Benjamin Sutherland writes for The Economist. A defense specialist, he focuses on how advances in military and spycraft technologies are reshaping security landscapes. He edited “Modern Warfare, Intelligence and Deterrence,” an Economist book on weaponry and conflict that was published in five editions, including a Chinese translation by Xinhua, China’s state media giant. Sutherland also wrote a chapter on the future of warfare for the 2017 Economist book “Megatech: Technology in 2050.” He provides comments on Economist podcasts.

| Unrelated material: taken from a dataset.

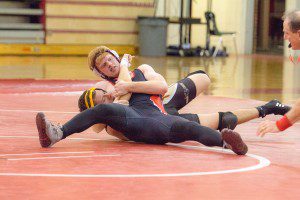 Bombers' Jordan Cree holds down his Dean Tech opponent and looks at the official for a call on the pin. (Photo by Liam Sheehan)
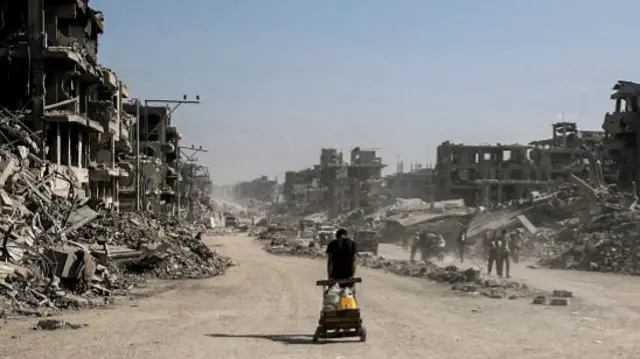 Residents walk through the widespread destruction in the Al-Katiba area and Street 5 of Khan Yunis, in Gaza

In addition to journalism, Sutherland teaches, part time, geopolitics to graduate and undergraduate students at a handful of universities. These include the Università Ca’ Foscari Venezia’s H-Farm College near Venice and HEC-Paris, a grande école named by QS World University Rankings as the world’s number-one masters program for management. His courses cast light on how business-driven globalization is helping some societies move beyond bloody ethnic, ideological, and religious passions, while in other areas the rapid change it ushers in triggers destabilizing backlashes.
Germany’s foreign ministry hired Sutherland to moderate a panel on technological avenues for arms control. He has also taught occasional workshops for MBA, masters, and undergrad students at Sciences Po in Paris, Scuola Holden in Turin, and Antioch University in Santa Barbara, California. Earlier in his career, Sutherland wrote for Newsweek. Before that, as a senior editor and head of research at COLORS magazine, he led a team of five staff journalists and roughly 40 foreign correspondents worldwide. Fluent in French and Italian, and proficient in Spanish, Sutherland studied political sociology at the University of California at Santa Barbara, his hometown.